WHAT YOU ARE ASKED TO DO: Your answer should be the exact lines of the data below from the one containing "Сніг і вітер" through the one containing "Костюм пиджак и юбка"; please include nothing else.

INPUT:
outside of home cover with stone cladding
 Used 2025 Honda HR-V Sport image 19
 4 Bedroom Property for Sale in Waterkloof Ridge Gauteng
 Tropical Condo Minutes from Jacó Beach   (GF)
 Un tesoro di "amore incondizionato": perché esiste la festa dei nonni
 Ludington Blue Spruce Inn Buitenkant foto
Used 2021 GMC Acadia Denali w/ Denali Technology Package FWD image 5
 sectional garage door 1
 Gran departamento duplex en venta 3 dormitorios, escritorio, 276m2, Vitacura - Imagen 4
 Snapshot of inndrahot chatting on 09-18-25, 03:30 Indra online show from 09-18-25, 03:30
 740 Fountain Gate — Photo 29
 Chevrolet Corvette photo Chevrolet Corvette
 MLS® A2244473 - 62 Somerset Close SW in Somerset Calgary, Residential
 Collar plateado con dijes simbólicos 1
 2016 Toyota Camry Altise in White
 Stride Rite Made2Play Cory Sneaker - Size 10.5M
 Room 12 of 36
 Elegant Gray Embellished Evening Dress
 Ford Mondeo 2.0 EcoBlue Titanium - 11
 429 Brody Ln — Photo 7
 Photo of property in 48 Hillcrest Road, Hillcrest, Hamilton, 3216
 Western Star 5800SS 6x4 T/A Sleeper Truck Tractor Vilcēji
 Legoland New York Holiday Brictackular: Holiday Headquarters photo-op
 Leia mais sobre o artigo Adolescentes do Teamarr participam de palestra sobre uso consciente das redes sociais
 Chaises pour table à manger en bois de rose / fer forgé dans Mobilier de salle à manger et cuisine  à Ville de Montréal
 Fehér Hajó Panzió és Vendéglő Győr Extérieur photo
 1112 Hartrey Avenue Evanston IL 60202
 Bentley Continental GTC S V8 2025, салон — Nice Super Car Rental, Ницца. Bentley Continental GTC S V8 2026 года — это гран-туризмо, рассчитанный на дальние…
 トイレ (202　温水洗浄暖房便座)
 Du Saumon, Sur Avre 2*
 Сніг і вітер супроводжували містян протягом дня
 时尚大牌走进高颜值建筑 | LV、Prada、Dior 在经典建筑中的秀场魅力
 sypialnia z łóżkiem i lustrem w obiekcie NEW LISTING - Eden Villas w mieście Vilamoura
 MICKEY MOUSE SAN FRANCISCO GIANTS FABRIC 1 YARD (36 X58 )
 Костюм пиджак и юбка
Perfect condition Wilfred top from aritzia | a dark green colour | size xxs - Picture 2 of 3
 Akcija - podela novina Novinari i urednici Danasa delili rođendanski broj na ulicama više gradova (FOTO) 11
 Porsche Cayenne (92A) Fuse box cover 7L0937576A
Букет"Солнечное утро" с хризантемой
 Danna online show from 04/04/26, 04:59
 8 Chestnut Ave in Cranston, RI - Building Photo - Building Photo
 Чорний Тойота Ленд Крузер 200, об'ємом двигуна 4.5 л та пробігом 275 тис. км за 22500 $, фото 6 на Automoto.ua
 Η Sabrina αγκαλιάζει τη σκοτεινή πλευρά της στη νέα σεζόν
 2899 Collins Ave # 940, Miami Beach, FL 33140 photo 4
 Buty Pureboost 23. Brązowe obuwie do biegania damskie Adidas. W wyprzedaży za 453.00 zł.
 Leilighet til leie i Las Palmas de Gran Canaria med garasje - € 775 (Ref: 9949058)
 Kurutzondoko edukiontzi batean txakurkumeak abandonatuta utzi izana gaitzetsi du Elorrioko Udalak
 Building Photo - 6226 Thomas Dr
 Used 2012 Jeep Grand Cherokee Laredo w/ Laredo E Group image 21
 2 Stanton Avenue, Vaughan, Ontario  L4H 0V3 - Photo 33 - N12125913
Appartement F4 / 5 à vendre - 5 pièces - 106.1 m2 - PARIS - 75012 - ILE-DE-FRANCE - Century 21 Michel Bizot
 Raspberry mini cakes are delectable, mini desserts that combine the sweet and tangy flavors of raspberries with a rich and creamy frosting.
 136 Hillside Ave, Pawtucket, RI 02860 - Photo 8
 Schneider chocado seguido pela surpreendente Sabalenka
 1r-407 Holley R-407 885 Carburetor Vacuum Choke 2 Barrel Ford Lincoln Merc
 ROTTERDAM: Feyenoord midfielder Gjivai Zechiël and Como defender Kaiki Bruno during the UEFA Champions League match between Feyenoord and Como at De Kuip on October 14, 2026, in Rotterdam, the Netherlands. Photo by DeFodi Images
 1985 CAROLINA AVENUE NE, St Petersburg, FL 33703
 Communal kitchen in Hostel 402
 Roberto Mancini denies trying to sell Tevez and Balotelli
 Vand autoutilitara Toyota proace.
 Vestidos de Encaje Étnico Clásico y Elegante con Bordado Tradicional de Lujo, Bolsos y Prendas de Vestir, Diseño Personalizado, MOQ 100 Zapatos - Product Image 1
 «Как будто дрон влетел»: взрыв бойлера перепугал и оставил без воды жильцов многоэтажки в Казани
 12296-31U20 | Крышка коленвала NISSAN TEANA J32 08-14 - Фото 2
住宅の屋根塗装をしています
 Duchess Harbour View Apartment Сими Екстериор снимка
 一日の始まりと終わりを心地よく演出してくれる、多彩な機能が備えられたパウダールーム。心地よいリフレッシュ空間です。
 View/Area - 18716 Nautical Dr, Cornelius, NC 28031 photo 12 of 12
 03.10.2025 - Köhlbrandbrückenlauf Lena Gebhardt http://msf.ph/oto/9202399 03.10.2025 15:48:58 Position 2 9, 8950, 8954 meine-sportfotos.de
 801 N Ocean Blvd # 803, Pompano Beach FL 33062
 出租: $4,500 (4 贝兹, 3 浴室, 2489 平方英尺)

RESPONSE:
 Сніг і вітер супроводжували містян протягом дня
 时尚大牌走进高颜值建筑 | LV、Prada、Dior 在经典建筑中的秀场魅力
 sypialnia z łóżkiem i lustrem w obiekcie NEW LISTING - Eden Villas w mieście Vilamoura
 MICKEY MOUSE SAN FRANCISCO GIANTS FABRIC 1 YARD (36 X58 )
 Костюм пиджак и юбка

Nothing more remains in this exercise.